Isabelle Huppert Shines In 'Things To Come'
The actress recently won awards from L.A. and New York film critics
"Story of Women" (1988)
"The Piano Teacher" (2001)
The down-to-earth French film is about meeting change head on.
My grandmother was French, and she had a way of walking quickly and resolutely as if she knew exactly where she was going — even when she was lost. This trait also seems to distinguish Isabelle Huppert's character of Nathalie in "Things to Come."
The camera loves to follow her as she walks briskly and with great purpose even though her life is about to be thrown completely off its familiar course.
Early on, we see a lively student protest in France. The protest annoys Nathalie who has to cross the picket line to teach her high school philosophy class.

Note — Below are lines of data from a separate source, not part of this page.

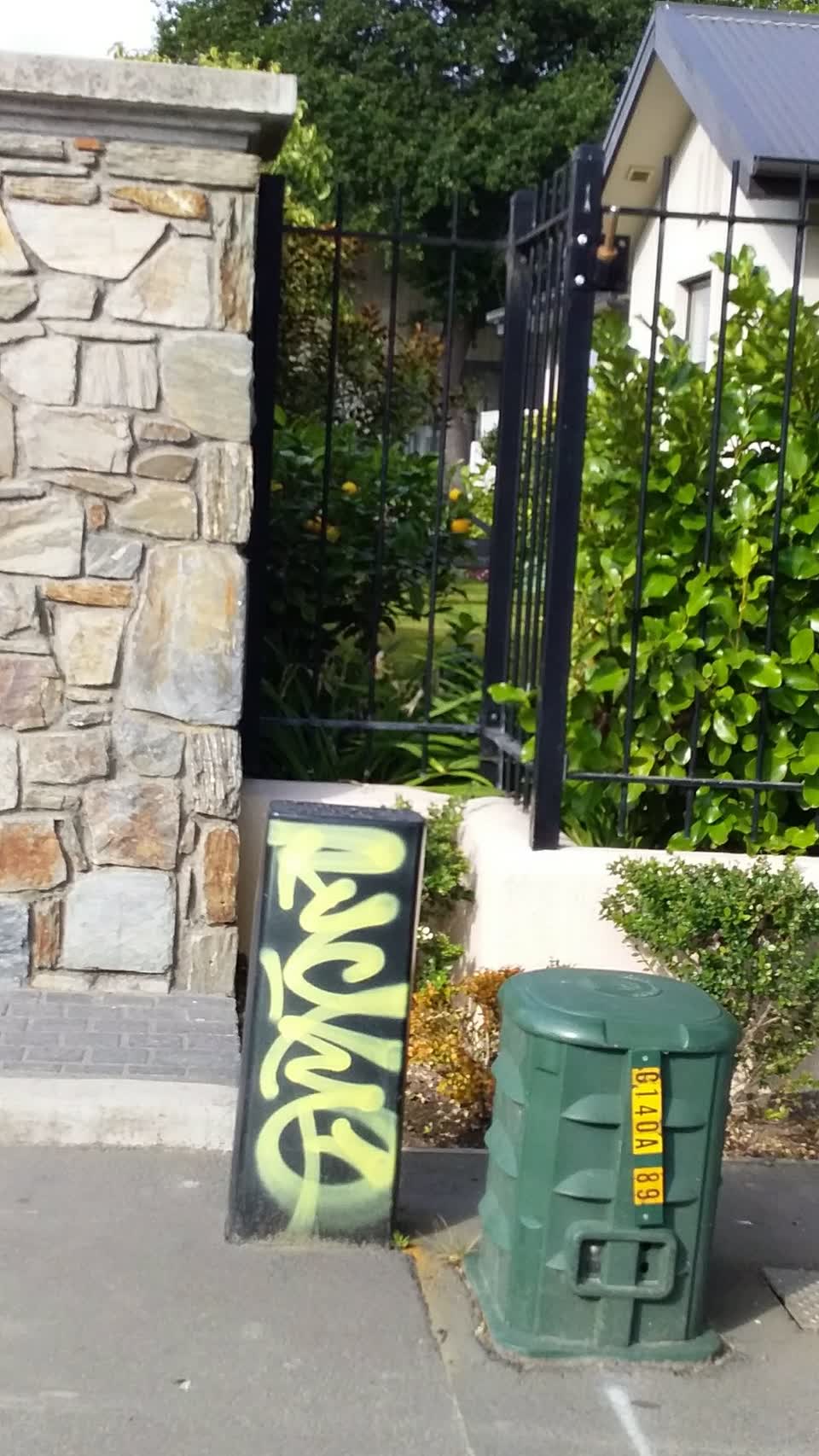 The photograph attached to this graffiti report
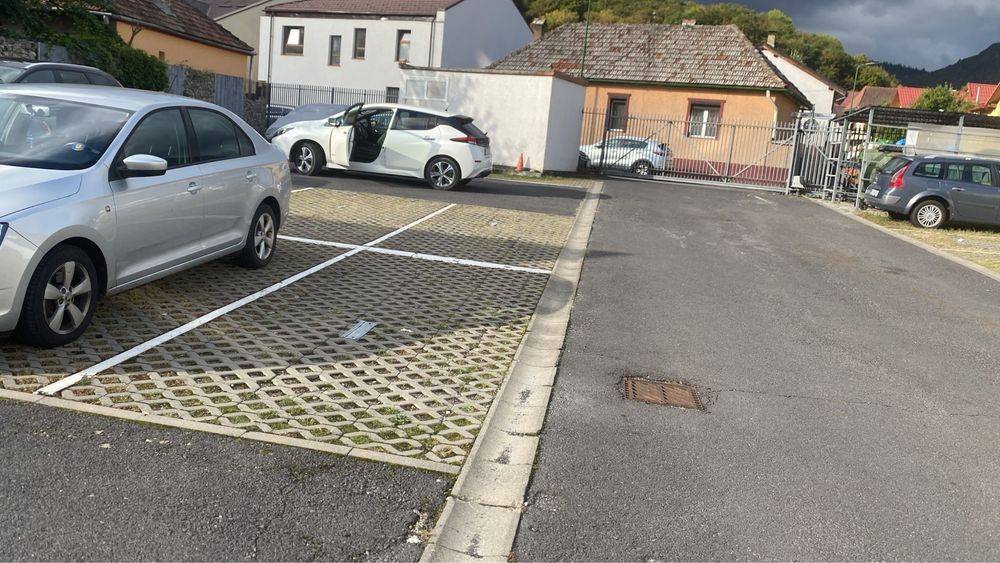 Loc de parcare interior de vânzare în Strada Carpaților, Brasov – fotografia 3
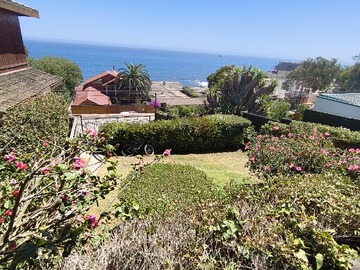 Casa en venta en Sta. Elena, Concón - 7 dormitorios, 4 baños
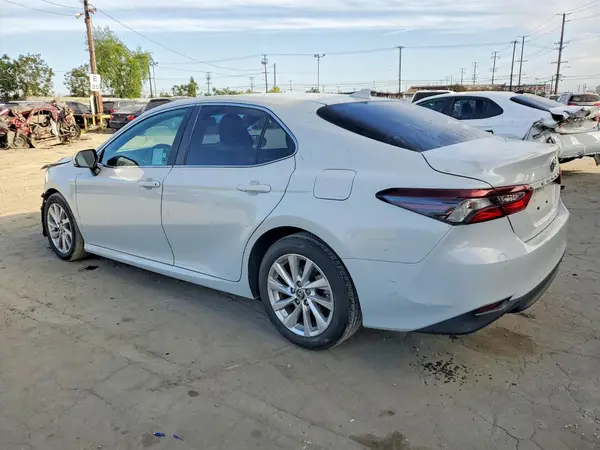 4T1R11AKXPU131736 2023 TOYOTA CAMRY - Image 2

Nathalie sees the unrest as a sharp contrast to the routine and stability of her life. But filmmaker Mia Hansen-Løve sees it more as a harbinger of things to come. The changes that lie in wait for her involve her aging mother (played with great style by Edith Scob), her scholarly husband of 25 years and her favorite student.
Hansen-Løve usually deals with youthful passions ("Eden," "Goodbye First Love"). But for this film, she focuses on a middle-aged woman who faces late life challenges with a matter of fact sense of acceptance. The film has a bittersweet tone but one that also is steadfastly about moving forward and rolling with the punches.
Huppert is the film’s chief asset, and her assured performance as Nathalie is a joy to watch. This is a far less challenging and demanding role than her part in Paul Verhoeven's "Elle" (a perverse take on the rape-revenge narrative that is also seeking Oscar's attention this year). But Huppert is always up for the demands of any role and always delivers flawless work.
Hansen-Løve won the best director award at the 2016 Berlin International Film Festival earlier this year. She does a fine job of keeping the film grounded and avoiding melodrama — except, of course, in the case of Nathalie's flamboyant, drama-queen mother.
"Things to Come" is in French and German with English subtitles and is rated PG-13 for brief language and drug use.